Pakistani Islamic scholar and activist (1886–1989)

Uzair Gul Peshawari (1886 – 17 November 1989) was an Islamic scholar and an activist of the Indian freedom struggle against British rule who actively participated in the Silk Letter Movement. He was an alumnus of the Darul Uloom Deoband and served as the head-teacher of Madrasa Rahmania in Roorkee.

==Biography==
Gul hailed from Ziarat Kaka Sahib, a town located in Peshawar. He completed his primary studies with local teachers and moved to Darul Uloom Deoband, where he studied with Mahmud Hasan Deobandi. He graduated from Darul Uloom in 1331 A.H. During Khilafat Movement, Gul was made the president of Khilafat Committee in Deoband. He was a close companion of Mahmud Hasan Deobandi and was imprisoned along with him in Malta for his role in the Silk Letter Movement.

He served as a teacher at Darul Uloom Deoband and before World War II, he was appointed as a head-teacher in Madrasa Rahmania in Roorkee.

In 1945, Gul moved to his native place in Peshawar along with his English wife Beatrice Cooke.

Gul died on 17 November 1989.

==Family==
Gul's first wife was a daughter of Mahmud Hasan Deobandi's niece. During his stay at Roorkee, he married a new Muslim English woman named Beatrice Cooke.

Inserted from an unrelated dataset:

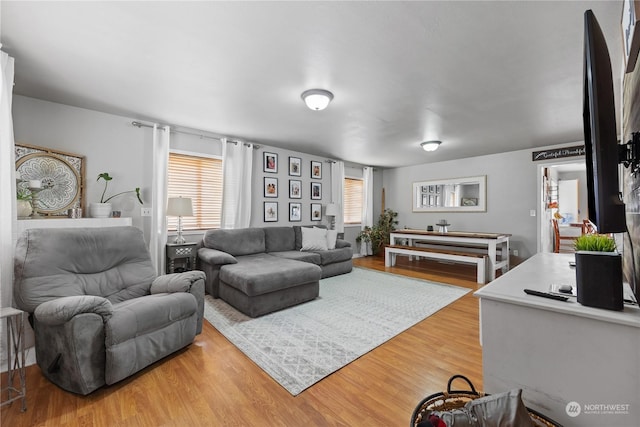 living room with hardwood / wood-style floors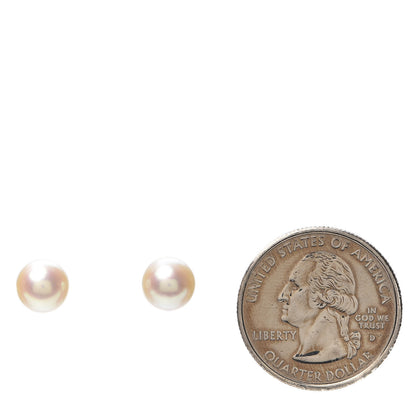 Tiffany 18K White Gold Akoya Pearl 8mm Signature Earrings 2 of 4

Gul's second wife Cooke also wrote an English translation of Quran which remains unpublished.

==Legacy==
- At University of Peshawar, Murad Ali Shah wrote a Master of Arts thesis entitled Mawlāna Uzair Gul-The Prisoner of Malta.
- At University of Islamabad, Farzana Nisar wrote a Master of Philosophy thesis entitled Mawlāna Uzair Gul (Aseer-i-Malta): His Life and Achievements.